** Problem description **
Repeat, exactly as written, the lines from the one with "Ford Mustang — миниатюра 3" to the final line of the listing, and keep every picture out.

** Supplied information **
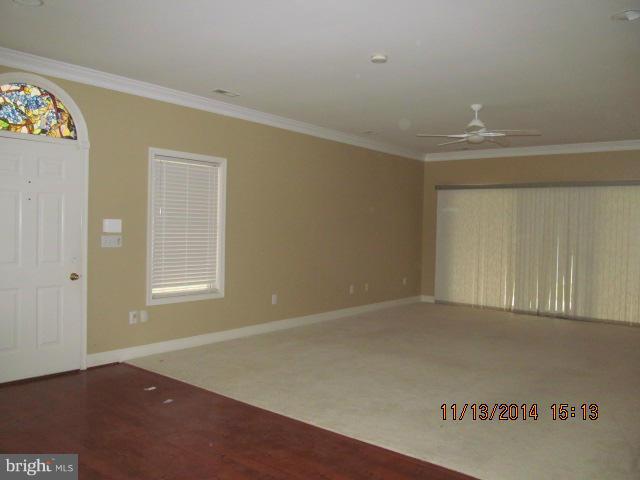 4162 Carrs Ridge Road Edgewater, MD 21037 - Photo 3 of 13 Living Room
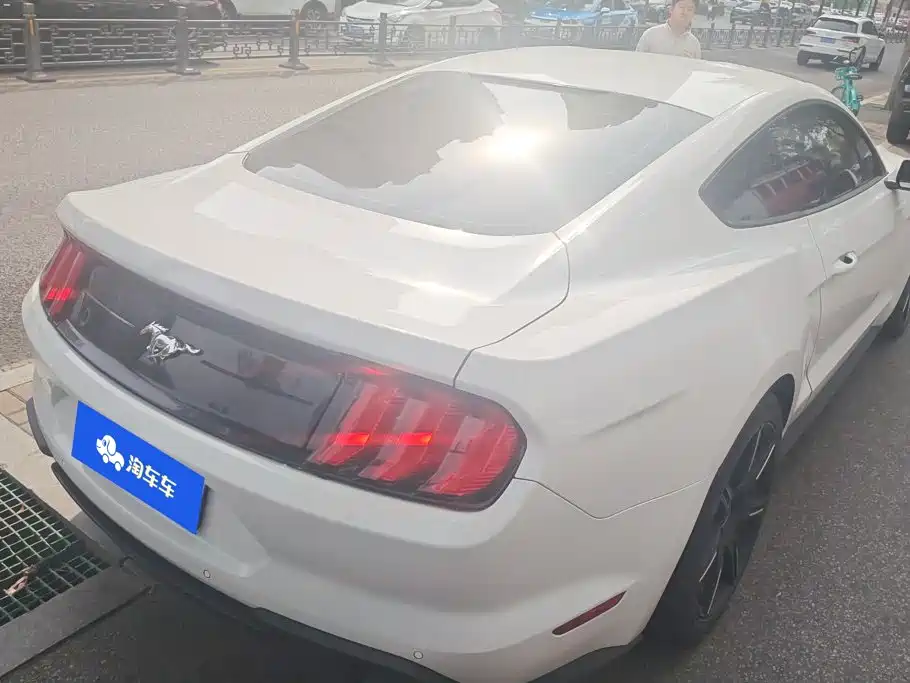 Ford Mustang — миниатюра 3
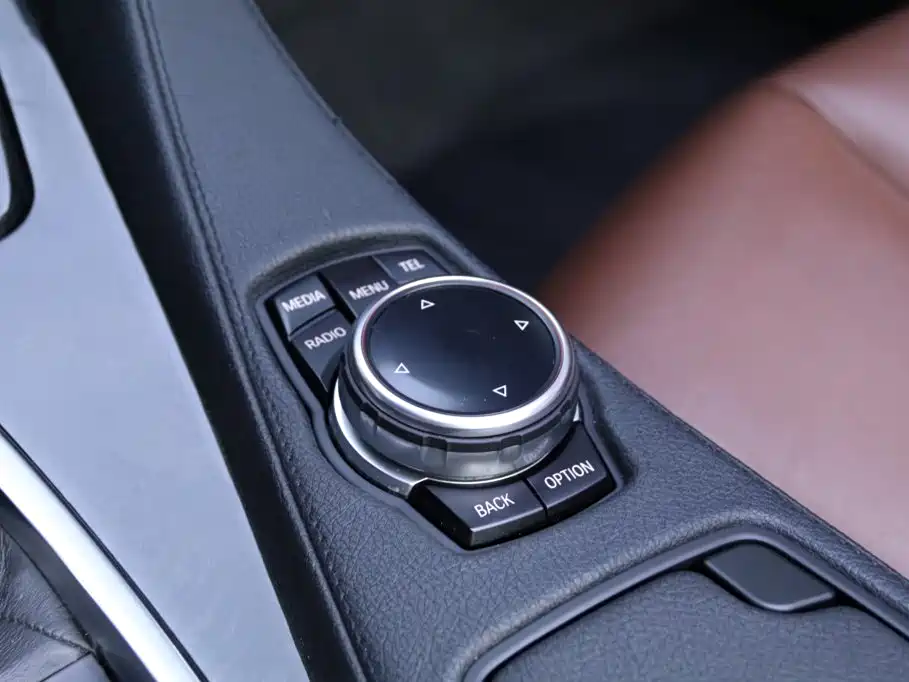 BMW 6 Series 2015 — фото 10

** Worked solution **
 Ford Mustang — миниатюра 3
 BMW 6 Series 2015 — фото 10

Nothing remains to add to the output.